/MIMIC-CAD

MIMIC-CAD dataset to provides comprehensive disease information extracted from the MIMIC-CXR radiologist report.

Primary LanguageJupyter Notebook

MIMIC-CAD

MIMIC-CAD (Comprehensive Annotation of Diseases) is a dataset based on the MIMIC-CXR dataset. MIMIC-CAD provides lung disease details extracted from radiology reports in the MIMIC-CXR dataset. The previous disease labels only marked the existence of the disease and did not provide more disease information, such as the disease severity, disease uncertainty, disease location, etc., which are all important disease information in clinical diagnosis. Traditional disease classifications do not apply to clinical practice. Our goal is to make full use of the information in medical reports to build a dataset of comprehensive annotation of diseases.

Data Description

MIMIC-CAD v1.0 contains a file record of all disease comprehensive annotations. For a patient taking a CXR image one time, the annotation structure is as follows:

{
	"study_id": "58729526",
	"subject_id": "18936629",
	"dicom_id": "58c1653b-5d091bf0-ce12c7b3-7f6c738d-cd6f4e1b",
	"view": "postero-anterior",
	"entity": {
		"pneumothorax": {
			"id": 0,
			"entity_name": "pneumothorax",
			"report_name": "pneumothorax",
			"location": null,
			"type": null,
			"level": null,
			"infer": [],
			"derived_from": [],
			"probability": "no ",
			"probability_score": -3
		},
		"lung opacity": {
			"id": 1,
			"entity_name": "lung opacity",
			"report_name": "opacity",
			"location": null,
			"type": null,
			"level": null,
			"infer": [],
			"derived_from": [],
			"probability": "positive",
			"probability_score": 3
		},
		"consolidation": {
			"id": 2,
			"entity_name": "consolidation",
			"report_name": "consolidation",
			"location": null,
			"type": null,
			"level": null,
			"post_location": null,
			"location2": null,
			"type2": null,
			"level2": null,
			"post_location2": null,
			"infer": [],
			"derived_from": [],
			"probability": "positive",
			"probability_score": 3
		},
		"pleural effusion": {
			"id": 3,
			"entity_name": "pleural effusion",
			"report_name": "pleural effusion",
			"location": [
				"left"
			],
			"type": null,
			"level": [
				"small"
			],
			"post_location": null,
			"location2": null,
			"type2": null,
			"level2": null,
			"post_location2": null,
			"infer": [],
			"derived_from": [],
			"probability": "positive",
			"probability_score": 3
		},
		"pleural thickening": {
			"id": 4,
			"entity_name": "pleural thickening",
			"report_name": "pleural thickening",
			"location": [
				"left"
			],
			"type": null,
			"level": null,
			"post_location": null,
			"location2": null,
			"type2": null,
			"level2": null,
			"post_location2": null,
			"infer": [],
			"derived_from": [],
			"probability": "positive",
			"probability_score": 3
		}
	}
},
  • study_id: An integer unique for an individual study (i.e. an individual radiology report with one or more.
  • subject_id: An integer unique for an individual patient.
  • dicom_id: An identifier for the DICOM file. The stem of each JPG image filename is equal to the `dicom_id.``
  • view: The orientation in which the chest radiograph was taken ("AP", "PA", "LATERAL", etc).
  • entity: The comprehensive annotation of diseases we extracted from the radiologist report.

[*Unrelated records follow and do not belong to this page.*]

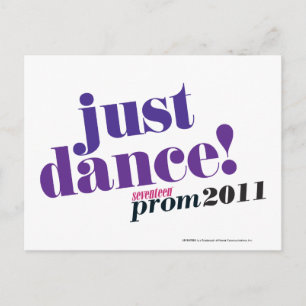 Cartão Postal Just Dance - Purple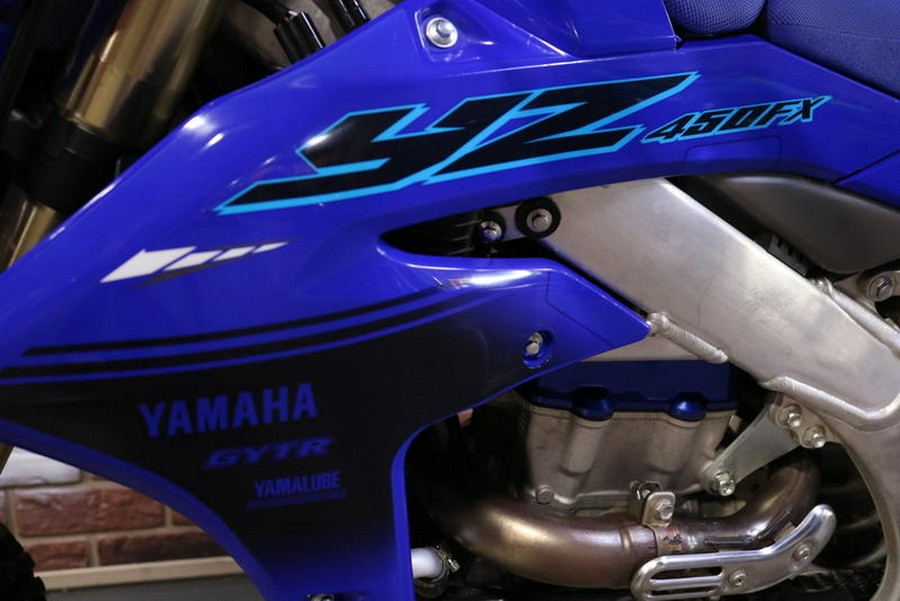 2024 Yamaha YZ450FX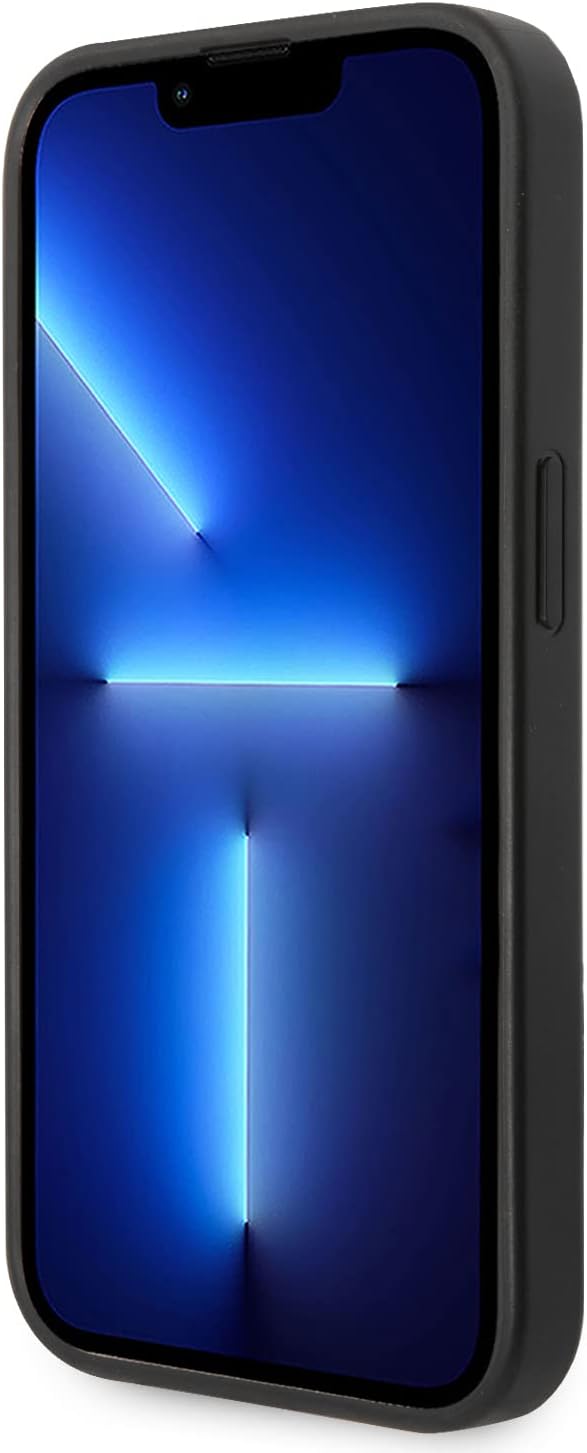 Guess GUHCP14X4GMGGR hülle für iPhone 14 Pro Max 6,7" grau/Grey hardcase 4G Big Metal Logo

The entity dictionary includes disease annotations, each kind of disease name is the key and the annotation is the value.

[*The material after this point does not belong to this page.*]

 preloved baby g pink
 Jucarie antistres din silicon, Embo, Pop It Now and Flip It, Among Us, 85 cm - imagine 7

  • entity_name: disease name
  • report_name: disease name extracted from radiologist report
  • location: disease location extracted from radiologist report
  • level: words extracted from radiologist report report to describe disease severity
  • probability: words extracted from radiologists to describe disease uncertainty

The disease information extraction code can be found in the "disease_info_extract.py" file. The diseases' probability info extraction module hasn't been uploaded. The libs folder contains disease and other dictionaries, you can adjust the dictionary yourself. The dictionary may not be comprehensive enough to cover all kinds of scenarios. To extract the disease info from the reports, you can give the report_path to the function get_disease_json.

The Jupyter Notebook records how to extract info from the .json file. It gives an example to extract disease name, severity, and other info.